Division of Cardiac Surgery, Department of Surgery, Western University and London Health Sciences Centre, London, Ontario, Canada; Cardiac Surgery Recovery Unit, Western University, London Health Sciences Centre, London, Ontario, Canada.
Cardiac Surgery Recovery Unit, Western University, London Health Sciences Centre, London, Ontario, Canada; Department of Anesthesia and Perioperative Medicine, Western University, London Health Sciences Centre, London, Ontario, Canada.
Ann Thorac Surg. 2014 Jan;97(1):147-52. doi: 10.1016/j.athoracsur.2013.07.097. Epub 2013 Oct 1.

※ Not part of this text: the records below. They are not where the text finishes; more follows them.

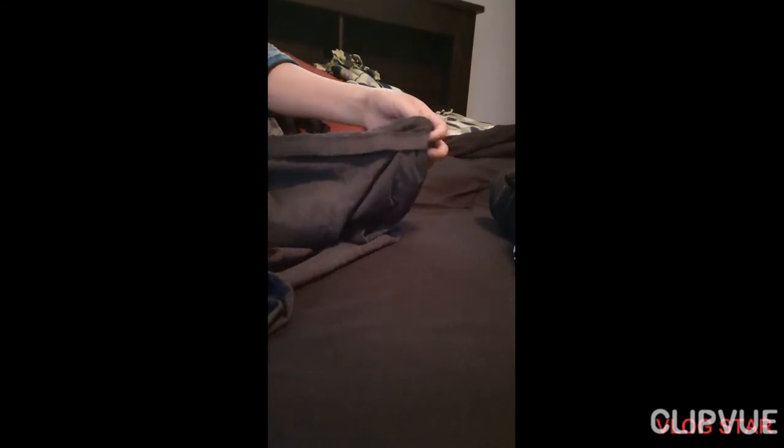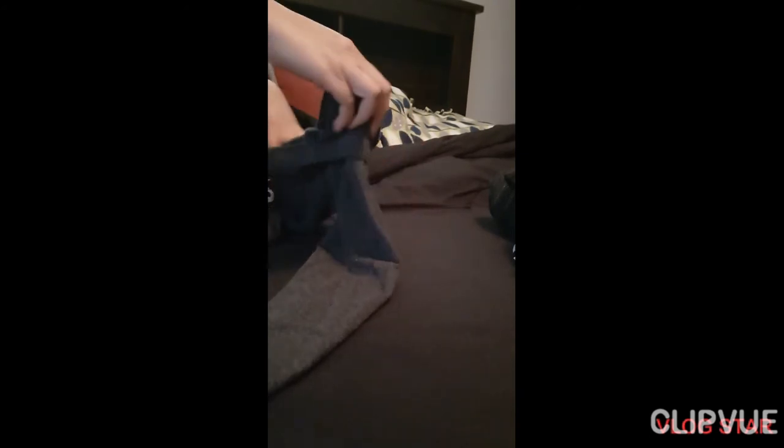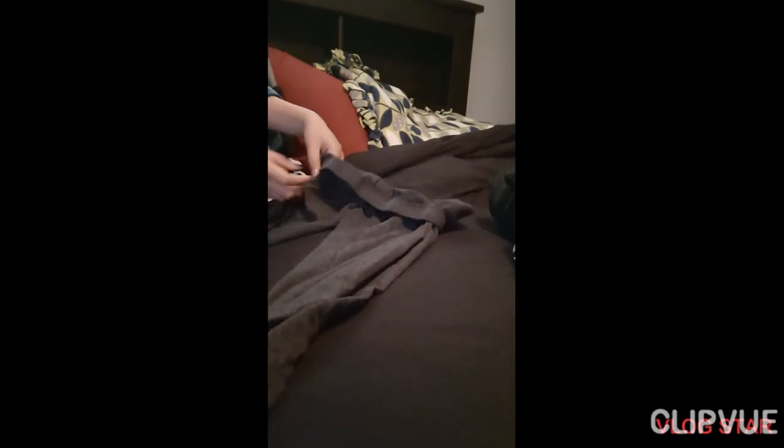Fold more — ito, sa baba, sa taas niya. Then take it in and continue folding.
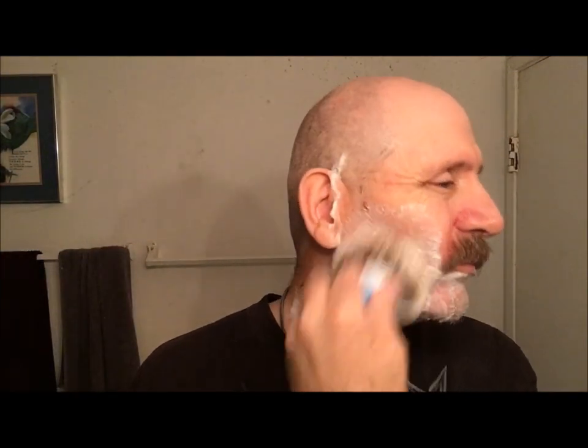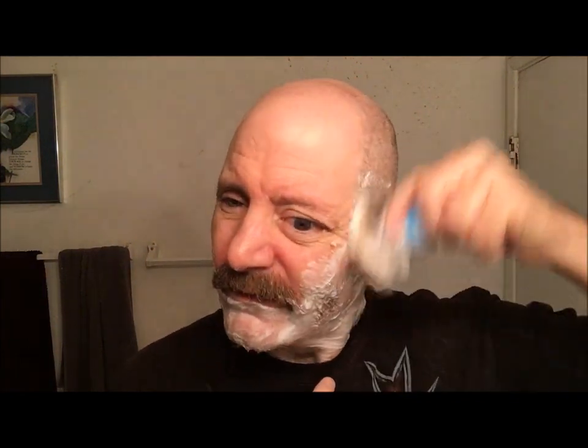I went ahead and rinsed off and dried my straight razor. Let's go ahead and rewet my face and lather up for the second pass. It's been a while since I've used one of my straights, so I wasn't feeling real comfortable doing the inverted pass tonight. I really need to take a month or two of just straight razor shaving.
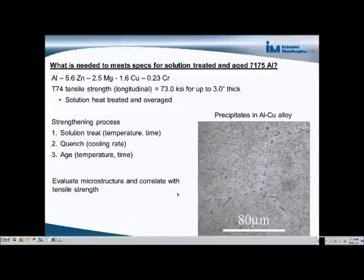In this case, what I would do is evaluate the microstructure and correlate it with the tensile strength, and perhaps even evaluate the microstructure at different steps of the process in order to see whether each step is being done properly, because the different microstructures will be demonstrative of what's happened to the material during the heat-treating process.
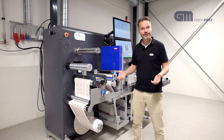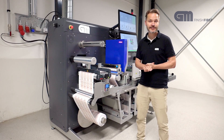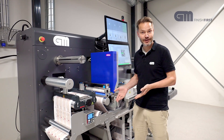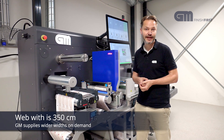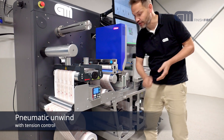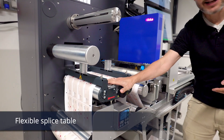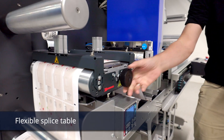I'll now take you through the different stations on the machine and explain the features step-by-step on the IR 350. The machine runs left to right. The web width is 350mm — we can supply wider on demand. We start with the unwind: there is a pneumatic unwind with tension control. The web then travels up to a splice table, the nice type where you can actually splice right in between the labels, on your waste.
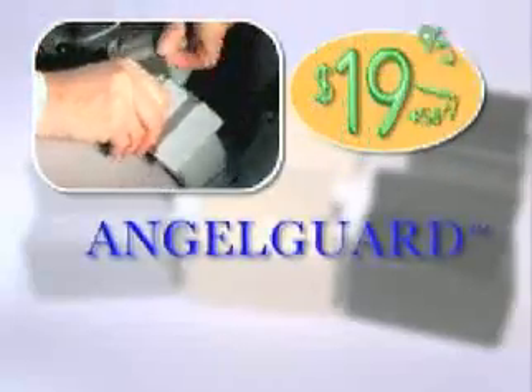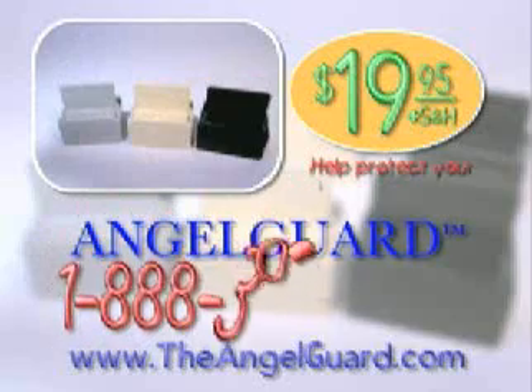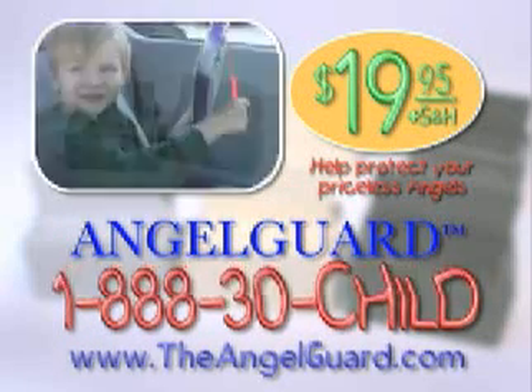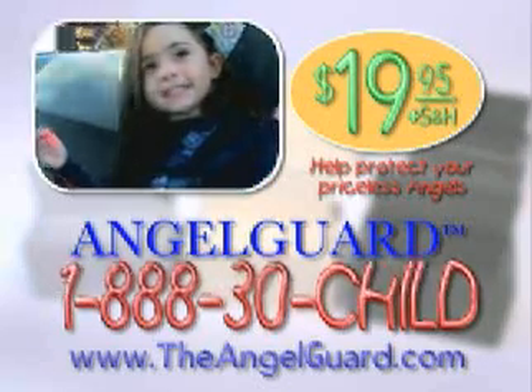Angel Guard is not available in stores. Order online now or call 1-888-30-CHILD. And for a limited time, buy one and get one free. Just $19.95 to help protect your priceless angels.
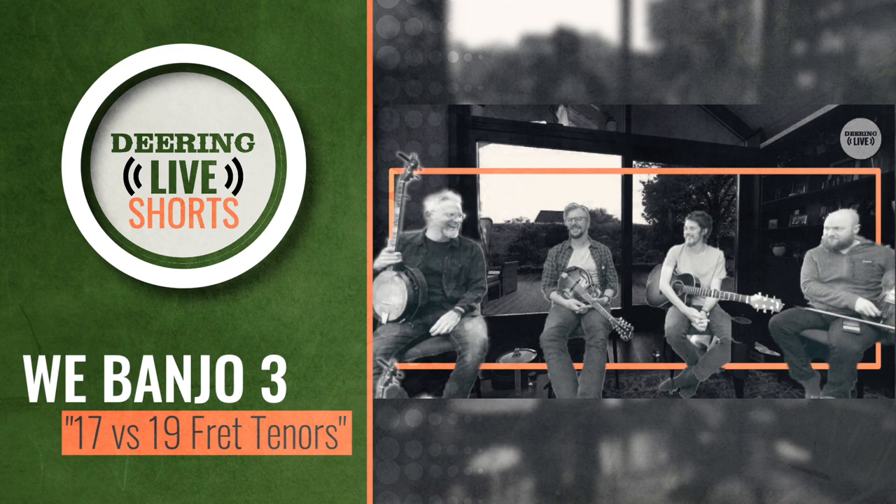I never liked 17th fret banjos, and that's just a personal thing. I found them boxy and kind of heavy and hard to play because of the short neck. You tend to need heavier strings on a 17th fret. And this is why I love the 22-fret, because I could use even lighter strings and you've got more tension.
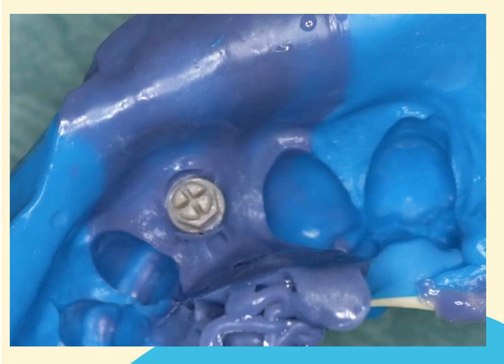When the impression is removed from the mouth, you should clearly see the clicking top secured in the material. If the clicking top has ripped out of the impression, do not try to reposition it. It will be necessary to clean the clicking top, remove impression material from the venting system, and repeat the procedure.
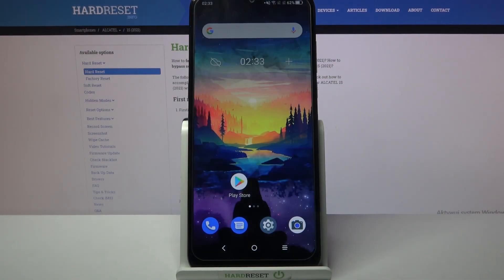Hi! In front of me is the Alcatel 1s 2021, and today I would like to show you how you can clean the storage of this device.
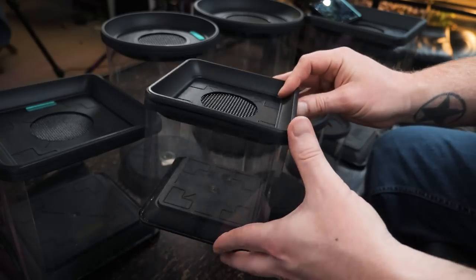Now, first off, one of the pros is that they have magnetic locking lids. As you can see, especially with these smaller enclosures, the magnets are pretty strong — it holds that on there fairly tightly, though you can kind of see the magnets when you look at them along the side.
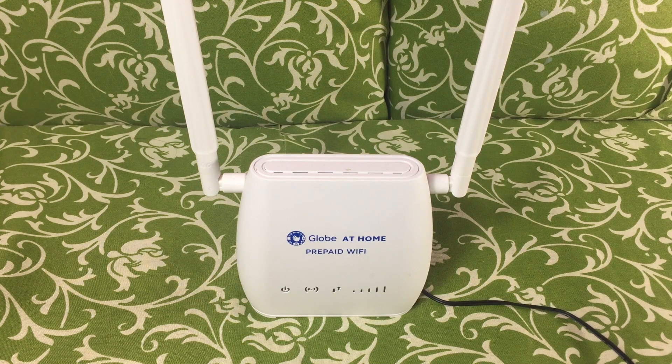This tutorial will show you how to reset your Globe at Home prepaid Wi-Fi when you forget your passwords. Please write down your Wi-Fi names and passwords when you change them so you won't have this problem again.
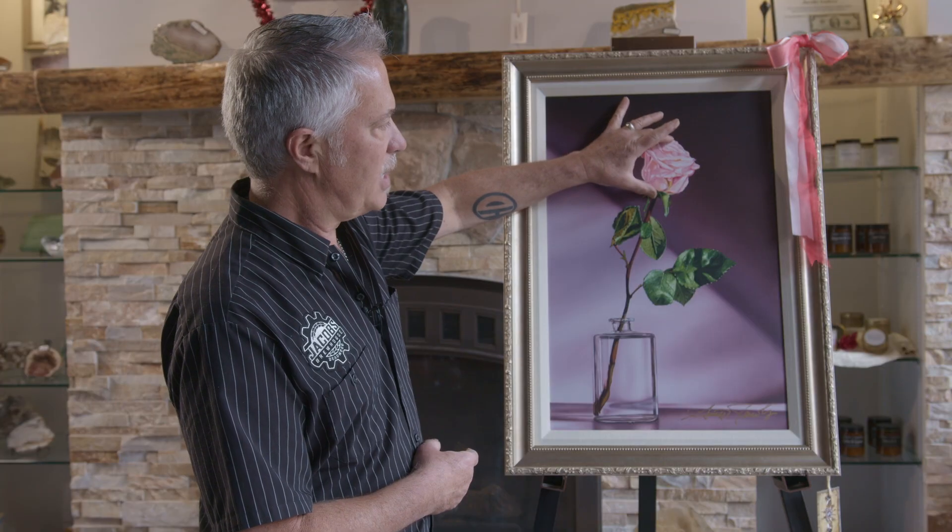This particular piece is one of my newest flower pieces — a rose, which I've painted many many times. It's a combination of an acrylic painting and an oil painting. I did the oil up here, and the actual flower itself and everything else was done in acrylic.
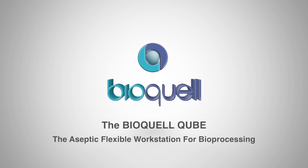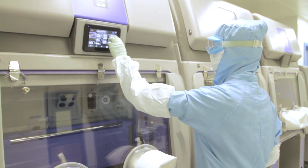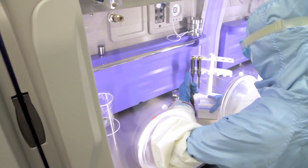Introducing the BioQuell Cube. The Cube is an aseptic, high-quality, low-cost workstation perfect for a variety of applications in the pharmaceutical, bioprocessing and healthcare industries.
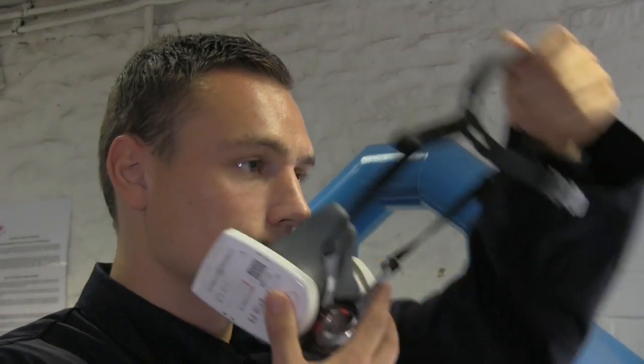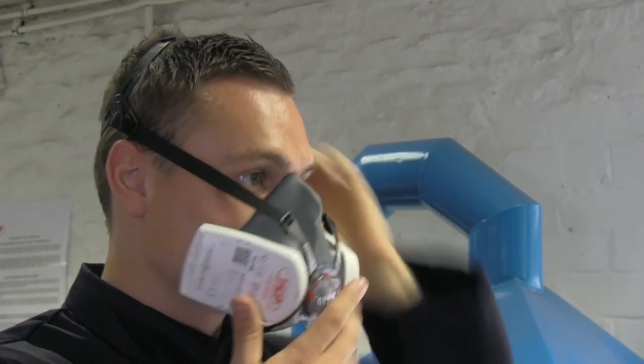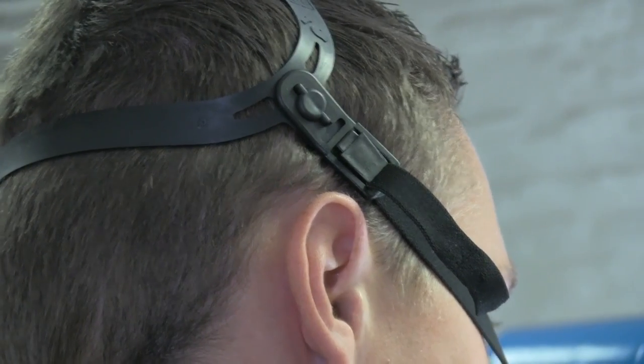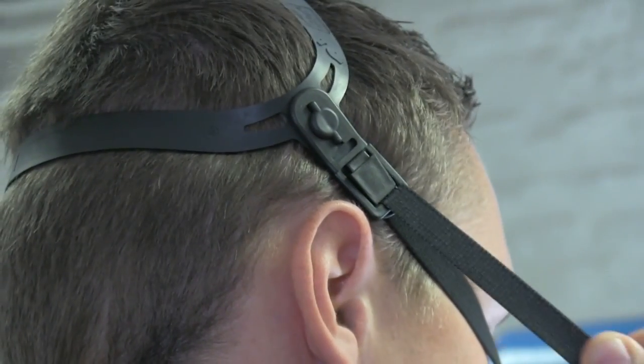So he'll offer the mask up to his face, put the head harness over the top, and then do the neck straps up behind his neck. What Joe is going to do now is adjust the elastic to make sure he's got a comfortable, secure fit of the mask to his face.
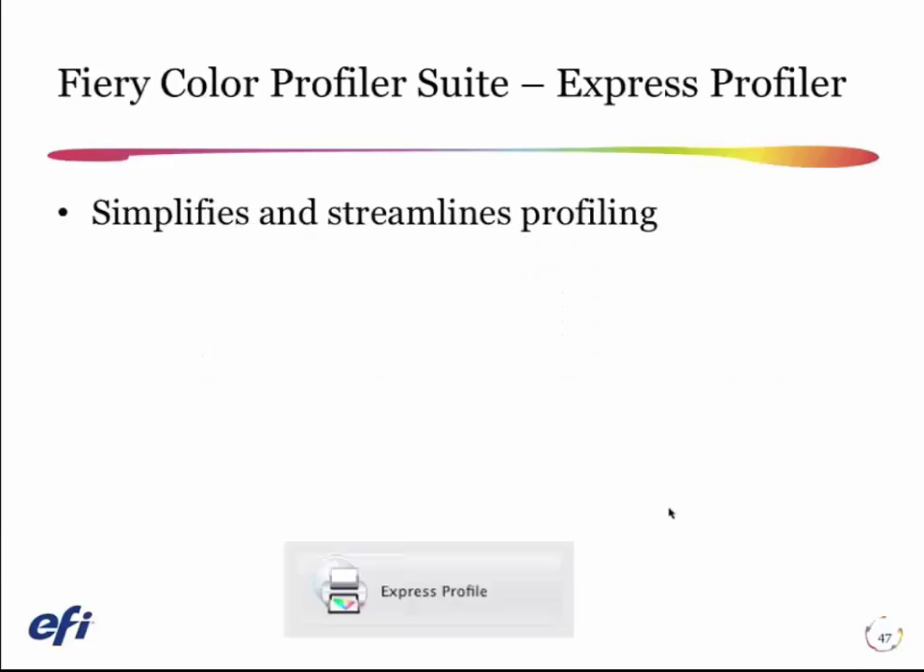I want to give you a quick demonstration of a way to create these calibrations and profiles using Color Profiler Suite. This is the Color Profiler Suite, which is an option with the Fiery for making ICC profiles using your ES2000 or many other spectrophotometers.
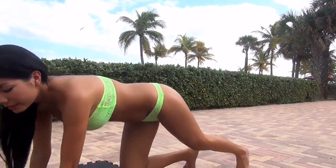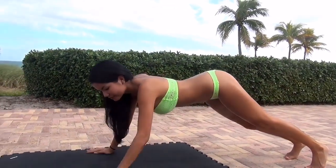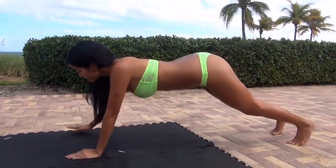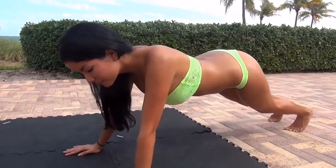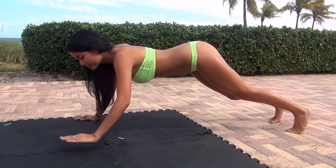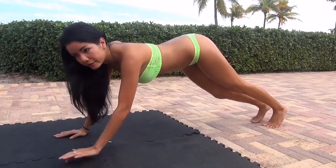The first exercise we're going to start with is called the walking plank. This is going to strengthen up your abs in the lower body and also your upper body. Make sure you squeeze your abs super tight and keep your back flat.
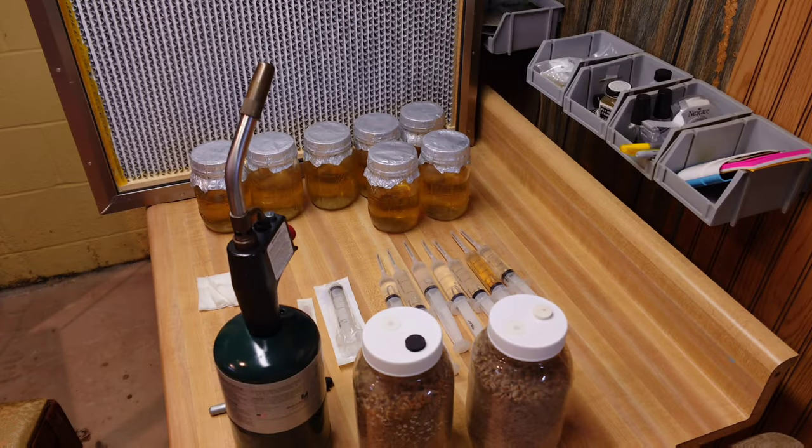Hey guys, welcome back to the Mushroom Dungeon. We are set up in front of a laminar flow hood — technically a tabletop HEPA filtration clean air device — and we are ready to refresh some liquid culture jars. I've been getting a lot of questions on how long your LC jars will last under refrigeration, when you should refresh them, and how to do that, so we're going to cover that today. I'll show you two different techniques.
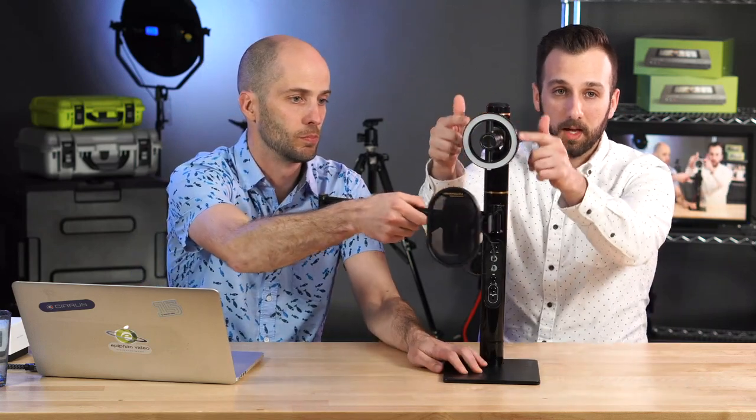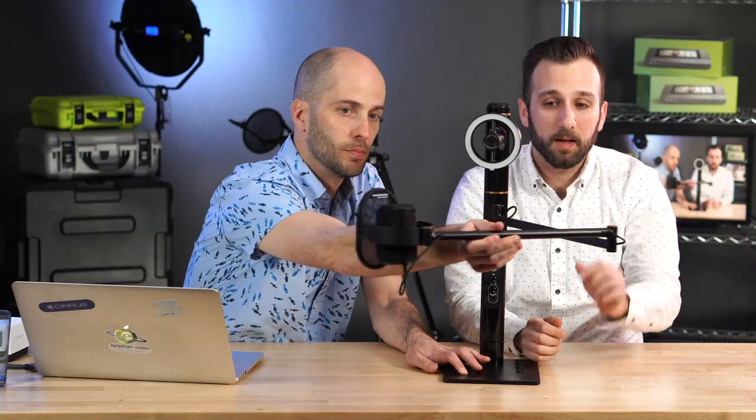Next up is the Marantz Turret — a big, ungainly but very cool all-in-one setup. It has a USB-based webcam on top with a lighting rig, including an extendable boom for a microphone. The microphone has a -10 dB pad available, which is handy. I see this being used mostly by video streamers — gamers, bloggers, podcasters, people sitting at a desk. It's in the $300 range, so it's a nice option if you're just starting out.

Failure to rescue, which is defined as the probability of death after a complication that was not present on admission, was introduced as a quality measure in the 1990s, to complement mortality and morbidity outcomes. The objective of this study was to evaluate possible incremental benefits of measuring failure to rescue after cardiac surgery, to facilitate quality improvement efforts.
Data were collected prospectively on 4,978 consecutive patients who underwent cardiac operations during a 5-year period. Institutional logistic regression models were used to generate predicted rates of mortality and major complications. Frequency distributions of morbidities were determined, and failure to rescue was calculated. The annual failure-to-rescue rates were contrasted using χ(2) tests and compared with morbidity and mortality measures.
The overall mortality rate was 3.6%, the total complication rate was 16.8%, and the failure-to-rescue rate was 19.8% (95% confidence interval, 17.1% to 22.7%). The predicted risk of mortality and of major complications increased during the last 2 years of the study, whereas the observed complication rate decreased. Failure to rescue for new renal failure was the highest of all complications (48.4%), followed by septicemia (42.6%). Despite the decreased complication rate toward the end of the study, the failure-to-rescue rate did not change significantly (p = 0.28).
Failure to rescue should be monitored as a quality-of-care metric, in addition to mortality and complication rates. Postoperative renal failure and septicemia still have a high failure-to-rescue rate and should be targeted by quality improvement efforts.
未能抢救(定义为入院时不存在但随后出现的并发症导致的死亡率)作为一种质量指标于 20 世纪 90 年代引入,旨在补充死亡率和发病率结果。本研究的目的是评估在心脏手术后测量未能抢救的可能增量收益,以促进质量改进工作。
在 5 年期间前瞻性收集了 4978 例连续接受心脏手术的患者的数据。使用机构逻辑回归模型生成死亡率和主要并发症的预测率。确定发病率的频率分布,并计算未能抢救的情况。使用 χ(2)检验对比每年的未能抢救率,并与发病率和死亡率进行比较。
总体死亡率为 3.6%,总并发症发生率为 16.8%,未能抢救率为 19.8%(95%置信区间,17.1%至 22.7%)。在研究的最后 2 年,预测的死亡率和主要并发症风险增加,而观察到的并发症发生率下降。所有并发症中,新发肾衰竭的未能抢救率最高(48.4%),其次是败血症(42.6%)。尽管研究结束时并发症发生率下降,但未能抢救率并未显著变化(p=0.28)。
除死亡率和并发症发生率外,未能抢救也应作为医疗质量指标进行监测。术后肾衰竭和败血症的未能抢救率仍然很高,应作为质量改进工作的目标。